Second Winds, Literary and Others


Some years back, a student told you she hadn’t asked to be born.  Your response, immediate and pointed, surprised you, but in times of woe or weal, it seems to come back to give you some nudge of friendship.

At the time of the response, you were swimming at least a mile a day, a fact that could have had some influence on your response, which in so many words was that you surely wanted to be born. In fact, you swam a dedicated freestyle crawl to get to that egg first.

That particular swim was your most significant athletic accomplishment to date.  Although you came perilously close to running track events, your interest in so-called sports was from a sense of fun rather than competition.  You were in all ways a mediocre athlete.  Your talents leaned toward having fun.

While experiencing the pleasures of long distance running, you learned to appreciate the concept of the second wind, investigating all the anecdotal aspects of it you could find.  At first, your second wind began to wave its hand for recognition around mile six.  As your runs extended beyond ten miles, second wind began arriving around mile eight, more or less seducing you to investigate greater distances.

With swimming, the second wind kicked in at about the half-mile mark, inducing you to a) swim more boring laps and b) zoning out to a kind of alpha-wave state where boredom could not intrude.

Second wind for walking, at least the kind of walking you do, kicks in at about the beginning of mile three.

There is in fact a second wind that comes with writing.  At first, the second wind seemed to kick in around the finish of the first draft.  Callow youth that you were then, you took that sense of exuberance at the finish of the first draft to signify fun, which often meant there was no second or third or, heaven forefend, fourth or fifth draft.

Now, second wind in writing means the beginning of the revision progress which, in similar fashion to the second wind in running and swimming, the revision process produces a series of discoveries and insights that lure you on to the point where there is some kind of combustion or boiling over and there is even more fun to be had with the discovery, which leads to yet more risks.

Second wind in life is yet another matter to consider.  Life is in some large measure about gains and losses, the gains coming more from love, experience, wisdom, and insight than more transitory things.
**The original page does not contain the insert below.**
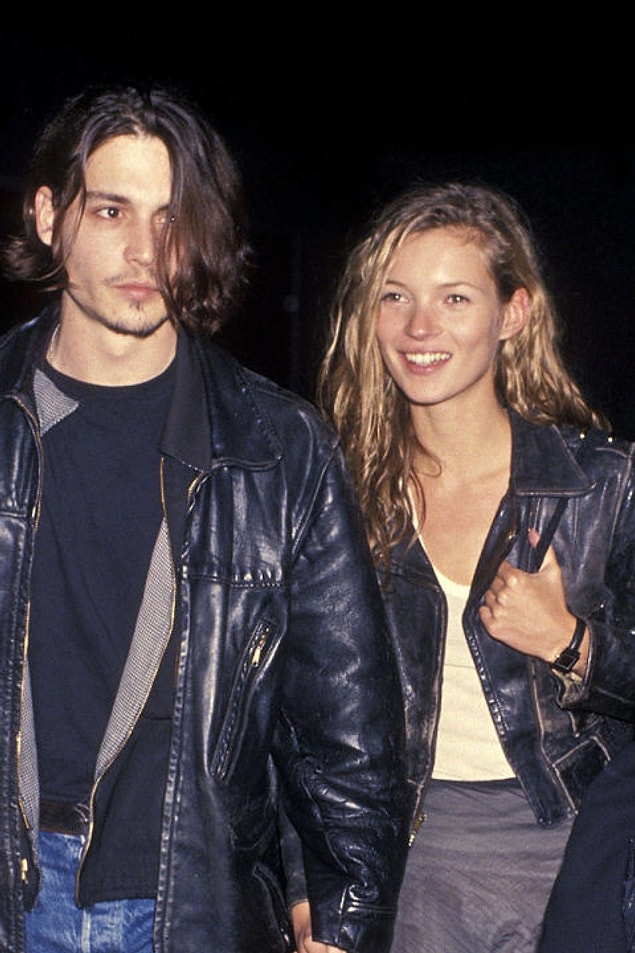 Sonra, dönemin en havalı kadınlarından olan Kate Moss ile yolu kesişti.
Loss, similarly, often relates to things and people you love being somehow gone from you.  No longer can you run a10K in less than forty-five minutes. Pure loss.  Even purer, given your having upgraded to titanium hips, running 10K at any speed is no longer a good idea.

You loved running.  Swimming was fun, but you did not love it.  Walking is fun, and so you try to keep fun levels to the point where you need a second wind to lure you into extending the experience and the results.

You love life and consider it fun, pushing at it so that you will need a second wind in it.  For the moment, writing is the second wind of life even though, anomalously, it is one of your life-long loves, itself representing a history of gains and losses.

With a second wind in life, you stand the possibility of being a more enduring person, a friend, a lover, and yes, a teacher and editor, things that extend the potential of being a more insightful writer.  For a time, of course.  Few things last as they are, evolving, catching a second wind.

Meanwhile, you have writing, with revisions, draft after draft, enhancing chances of discovery, warmed in the gentle rays of fun, waiting for the second wind to kick in.